Evaluate: `int(cos2xsin4x dx)/(cos^4x(1+cos^2 2x)`

To evaluate the integral \[ I = \int \frac{\cos 2x \sin 4x \, dx}{\cos^4 x (1 + \cos^2 2x)} \] we will follow these steps: ### Step 1: Rewrite \(\sin 4x\) We can use the identity \(\sin 4x = 2 \sin 2x \cos 2x\). Thus, we rewrite the integral: \[ I = \int \frac{\cos 2x (2 \sin 2x \cos 2x) \, dx}{\cos^4 x (1 + \cos^2 2x)} = 2 \int \frac{\cos^2 2x \sin 2x \, dx}{\cos^4 x (1 + \cos^2 2x)} \] ### Step 2: Substitute \(\cos 2x\) Let \(t = \cos 2x\). Then, we differentiate \(t\): \[ dt = -2 \sin 2x \, dx \quad \Rightarrow \quad \sin 2x \, dx = -\frac{1}{2} dt \] Substituting this into the integral gives: \[ I = 2 \int \frac{t^2 \left(-\frac{1}{2} dt\right)}{\cos^4 x (1 + t^2)} = -\int \frac{t^2 \, dt}{\cos^4 x (1 + t^2)} \] ### Step 3: Rewrite \(\cos^4 x\) Using the identity \(\cos^2 x = \frac{1 + \cos 2x}{2}\), we have: \[ \cos^4 x = \left(\frac{1 + \cos 2x}{2}\right)^2 = \frac{(1 + t)^2}{4} \] Thus, we can rewrite the integral as: \[ I = -\int \frac{t^2 \, dt}{\frac{(1 + t)^2}{4} (1 + t^2)} = -4 \int \frac{t^2 \, dt}{(1 + t)^2 (1 + t^2)} \] ### Step 4: Partial Fraction Decomposition We need to perform partial fraction decomposition on: \[ \frac{t^2}{(1 + t)^2 (1 + t^2)} \] Assuming: \[ \frac{t^2}{(1 + t)^2 (1 + t^2)} = \frac{A}{1 + t} + \frac{B}{(1 + t)^2} + \frac{Ct + D}{1 + t^2} \] Multiplying through by the denominator \((1 + t)^2 (1 + t^2)\) and equating coefficients will allow us to solve for \(A\), \(B\), \(C\), and \(D\). ### Step 5: Integrate Each Term Once we have the coefficients, we can integrate each term separately.
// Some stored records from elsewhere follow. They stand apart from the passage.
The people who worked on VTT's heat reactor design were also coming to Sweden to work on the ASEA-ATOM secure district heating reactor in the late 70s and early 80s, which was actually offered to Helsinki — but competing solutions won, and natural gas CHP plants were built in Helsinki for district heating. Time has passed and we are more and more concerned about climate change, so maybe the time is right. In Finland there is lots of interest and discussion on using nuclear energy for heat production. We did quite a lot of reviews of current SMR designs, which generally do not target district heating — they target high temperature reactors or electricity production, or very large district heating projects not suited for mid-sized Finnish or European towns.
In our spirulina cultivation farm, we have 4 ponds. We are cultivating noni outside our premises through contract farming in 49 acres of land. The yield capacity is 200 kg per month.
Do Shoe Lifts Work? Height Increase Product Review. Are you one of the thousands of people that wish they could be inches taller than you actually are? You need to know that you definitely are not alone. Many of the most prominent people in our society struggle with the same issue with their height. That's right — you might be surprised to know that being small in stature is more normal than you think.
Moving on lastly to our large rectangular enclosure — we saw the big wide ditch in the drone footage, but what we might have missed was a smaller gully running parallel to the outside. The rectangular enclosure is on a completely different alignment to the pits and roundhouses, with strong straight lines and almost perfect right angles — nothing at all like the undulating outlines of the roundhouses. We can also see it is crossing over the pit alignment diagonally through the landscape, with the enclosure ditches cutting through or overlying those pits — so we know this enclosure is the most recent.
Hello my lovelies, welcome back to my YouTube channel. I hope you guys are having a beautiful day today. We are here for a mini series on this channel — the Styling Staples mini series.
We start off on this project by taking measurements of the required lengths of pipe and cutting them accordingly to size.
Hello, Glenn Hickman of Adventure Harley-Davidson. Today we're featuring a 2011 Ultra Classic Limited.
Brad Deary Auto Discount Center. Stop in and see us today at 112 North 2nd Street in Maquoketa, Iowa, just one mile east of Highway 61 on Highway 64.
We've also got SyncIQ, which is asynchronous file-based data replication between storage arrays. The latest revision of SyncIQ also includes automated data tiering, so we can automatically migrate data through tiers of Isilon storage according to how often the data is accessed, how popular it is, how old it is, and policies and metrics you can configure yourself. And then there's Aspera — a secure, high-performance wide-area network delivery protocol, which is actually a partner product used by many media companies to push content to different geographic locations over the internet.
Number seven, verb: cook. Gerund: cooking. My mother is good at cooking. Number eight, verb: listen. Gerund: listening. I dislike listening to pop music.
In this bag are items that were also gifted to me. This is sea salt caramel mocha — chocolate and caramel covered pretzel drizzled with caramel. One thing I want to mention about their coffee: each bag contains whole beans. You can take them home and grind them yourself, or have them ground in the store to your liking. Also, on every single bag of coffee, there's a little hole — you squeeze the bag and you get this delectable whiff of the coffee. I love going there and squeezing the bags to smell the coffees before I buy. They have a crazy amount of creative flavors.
The integrals will involve: 1. \(\int \frac{1}{1 + t} dt\) 2. \(\int \frac{1}{(1 + t)^2} dt\) 3. \(\int \frac{t}{1 + t^2} dt\) ### Step 6: Back Substitute After integrating, we will substitute back \(t = \cos 2x\) to express the final result in terms of \(x\). ### Final Result The final expression will be: \[ I = -4 \left( \text{integrated terms} \right) + C \] where \(C\) is the constant of integration.